Oleh : Nuraisah Hasibuan S.S (Pemerhati sosial)
Aksi terorisme pada 15 Maret 2019 membuat dunia berduka. Sebanyak 49 orang jamaah sholat Jum’at di masjid Al Noor dan masjid Lindwood, Christchurch-New Zealand, dibredel dengan timah panas oleh seorang warga Australia bernama Brenton Tarrant (28). Aksi kejinya ini dilakukan bersama tiga orang lainnya dan direkamnya secara live.
Ini bukan aksi tiba-tiba. Tarrant dan rekan-rekannya telah merencanakan serangan ini sejak enam bulan sebelum kejadian, dan pada tiga bulan terakhir mereka menargetkan masjid di Christchurch.

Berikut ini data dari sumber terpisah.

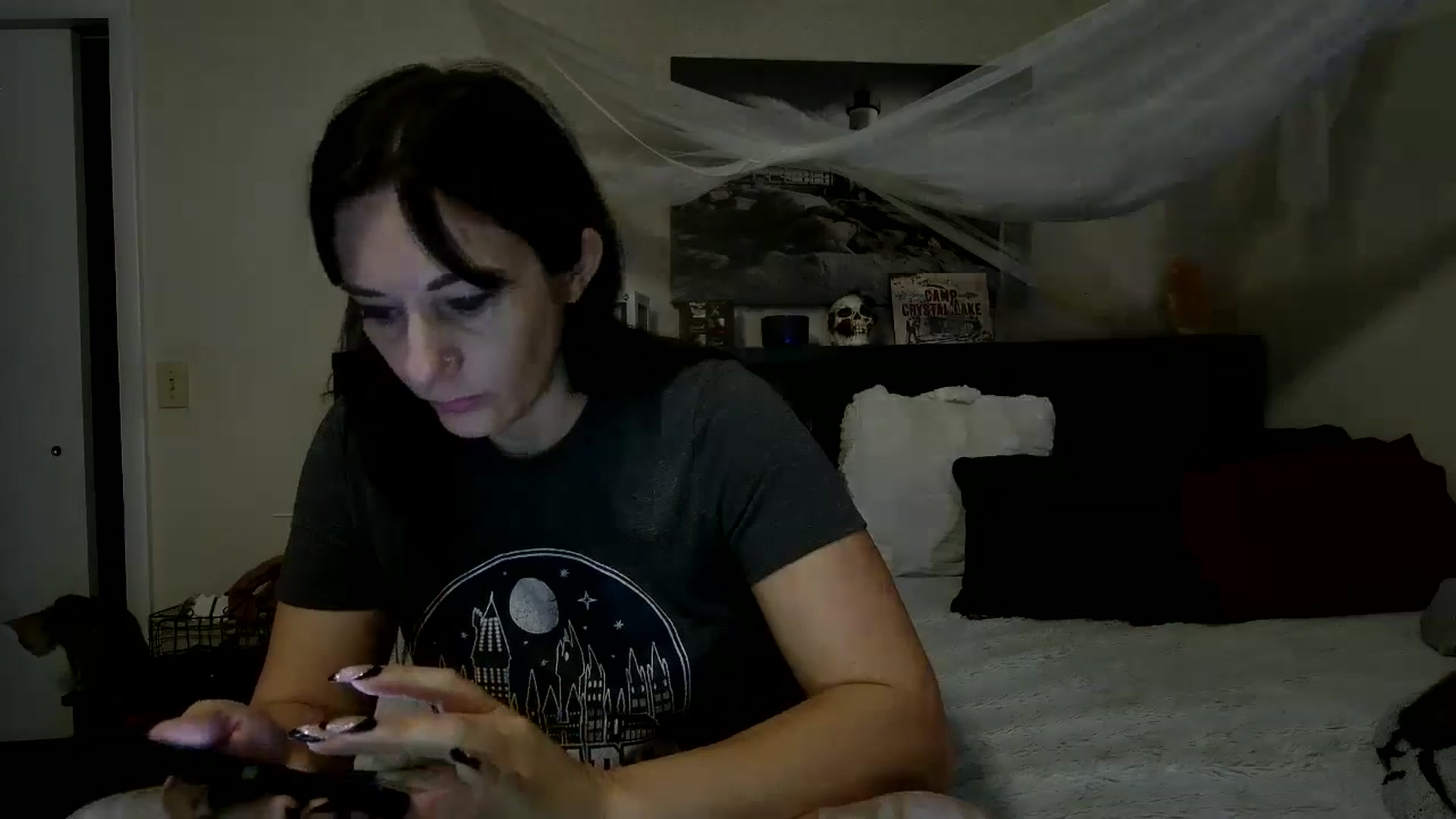 Gallery image thumbnail from CrystalLake's myfreecams stream on, 06/26/2024, 07:31 image 13 of 20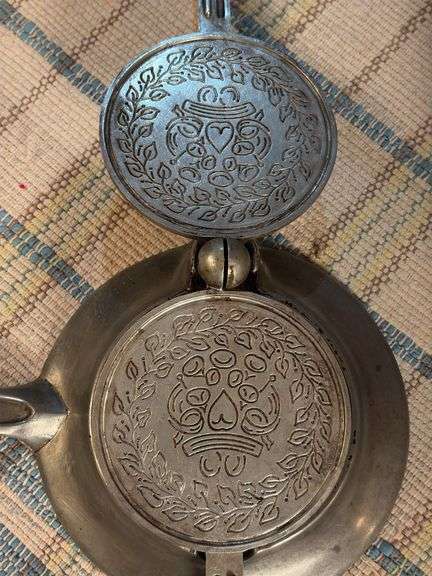 Krumkake iron, crepe maker and sandbakkel set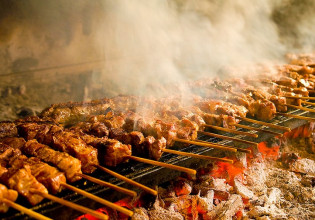 Αργίες 2022: Πότε πέφτει η Τσικνοπέμπτη και η Καθαρά Δευτέρα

Ada dua motivasi yang paling disoroti dari aksi Brenton ini. Pertama adalah masalah fanatisme agama. Ini sangat jelas dengan melihat jamaah masjid sebagai sasaran kebiadabannya. Ditambah lagi dari pengakuan seorang korban berwarga negara Indonesia yang selamat. Ia menyebutkan bahwa Brenton menembaki sambil terus mengumpati para korban dan agama mereka. Ia menampakkan dendamnya yang sangat besar pada agama Islam.
Kedua, latar belakang penembakan adalah rasisme. Brenton merupakan seorang penganut paham White Supremacy yang sangat meyakini keunggulan orang kulit putih melebihi bangsa-bangsa selain mereka. Ini diperkuat oleh pernyataannya dalam manifestonya sebelum penembakan, sebagaimana dikutip dari Daily Mail. Di sana Brenton menyerukan kematian bagi sejumlah pemimpin dunia. Termasuk dua di antaranya adalah Kanselir Jerman Angela Merkel dan Presiden Turki Recep Tayyib Erdogan. Pada saat yang bersamaan, ia mengaku mendukung Presiden AS Donald Trump sebagai simbol identitas kulit putih yang baru.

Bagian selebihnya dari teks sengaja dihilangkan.